# taquillera



## scorpio1984

Ciao a tutti!


Ho bisogno di sapere come si dice "taquillera" in italiano per scriverlo nel mio CV:     "..... nel Festivale Internazionale di Cinema di Sitges '10"


grazie tante!!!


Marta


----------



## atomos

Ciao  
In teoria lo puoi tradurre con "grande successo"


----------



## infinite sadness

Non credo... forse presentatrice.


----------



## kreiner

Antes de que empecemos a disparar cosas al albur, ¿te refieres a taquillera como adjetivo que califica a la película o a la señora que vende en la taquilla?


----------



## infinite sadness

scorpio1984 said:


> Ciao a tutti!
> 
> 
> Ho bisogno di sapere come si dice "taquillera" in italiano per scriverlo nel mio CV:     "..... nel Festivale Internazionale di Cinema di Sitges '10"
> 
> 
> grazie tante!!!
> 
> 
> Marta


Dovresti spiegare che tipo di lavoro è.
Potrebbe essere receptionist (questa è una parola che sta anche nei dizionari italiani).


----------



## Tomby

scorpio1984 said:


> Ciao a tutti!
> 
> 
> Ho bisogno di sapere come si dice "taquillera" in italiano per scriverlo nel mio CV: "..... nel Festivale Internazionale di Cinema di Sitges '10"
> 
> 
> grazie tante!!!
> 
> 
> Marta


Credo che sia *bigliettaia* (lavora nel botteghino) o *maschera* (lavora nella platea).


----------



## Neuromante

Tombatossals said:


> Credo che sia *bigliettaia* (lavora nel botteghino) o *maschera* (lavora nella platea).

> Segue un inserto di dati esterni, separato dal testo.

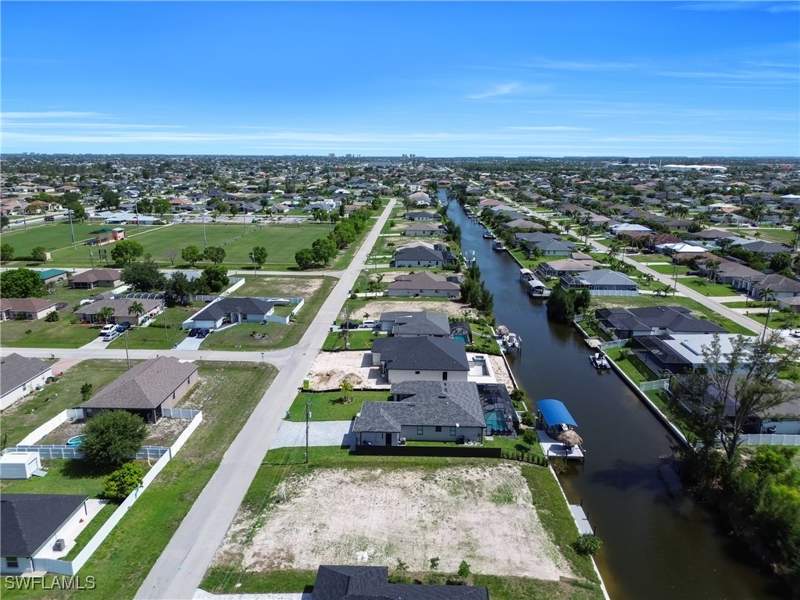 4 bedroom SingleFamilyResidence at 2518 SW 17th Ave, Cape Coral, Cape Coral — photo 4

*Senza dubbio "bigliettaia"* Non c´è altra opzione: "Taquillera" è la signora che vende i biglieti allo sportelo

Tranne che tu volessi scrivere nell tuo CV che sei di "grande succeso"


----------



## Fury1985

Non può essere semplicemente "cassiera" ?


----------



## Neuromante

La "cassiera" es la encargada de cobrar los productos en la caja de las tiendas, se traduce al español como "cajera"


----------



## Massimo_m

Fury1985 said:


> Non può essere semplicemente "cassiera" ?

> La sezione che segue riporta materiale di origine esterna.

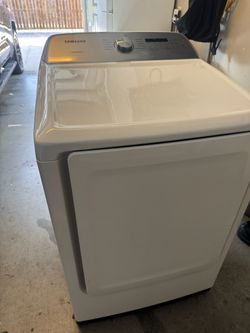Free Samsung dryer ( does not heat up)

Si,in italiano si dice comunemente anche "cassiera del cinema". Il prosieguo della frase chiarisce che parliamo di cinema, quindi puoi usare indifferentemente  "bigliettaia" o "cassiera".


----------



## la_rubia

ma "bigliettaia" è bruttissimo da inserire in un cv...secondo me è molto meglio cassiera!


----------



## ursu-lab

Quoto! O qualcosa tipo "addetta all'ingresso spettatori", visto che si tratta di un *festival* del cinema (e non di un semplice cinema) piuttosto importante nel suo settore. 
E poi "addetta a" fa sempre la sua bella figura


----------



## ninux

Ursula, concordo con te!


----------



## ninux

scorpio1984 said:


> Ciao a tutti!
> 
> 
> Ho bisogno di sapere come si dice "taquillera" in italiano per scriverlo nel mio CV:     "..... nel Festivale Internazionale di Cinema di Sitges '10"
> 
> 
> grazie tante!!!
> 
> 
> Marta



ma, credo che la e in più sia stata una svista... Nel cv sarebbe meglio evitarlo.

Concordo con Ursula, e mi veniva in mente anche *hostess*


----------



## Massimo_m

ninux said:


> ma, credo che la e in più sia stata una svista... Nel cv sarebbe meglio evitarlo.
> 
> Concordo con Ursula, e mi veniva in mente anche *hostess*



Non credo che "taquillera" possa tradursi in italiano con hostess; e devo dire che anche "addetta all'ingresso spettatori" fa certo la sua bella figura, ma non corrisponde al testo di partenza. Un buon vecchio "cassiera", semplice e senza tanti arzigogoli, tutto sommato mi sembra la soluzione più calzante.
Naturalmente, io sto rispondendo a una domanda formulata nel modo seguente: come tradurreste "taquillera"? Se invece la questione è come redigere nel modo più efficace il curriculum, allora certamente le soluzioni "hostess" o "addetta a ..." sono molto più adatte


----------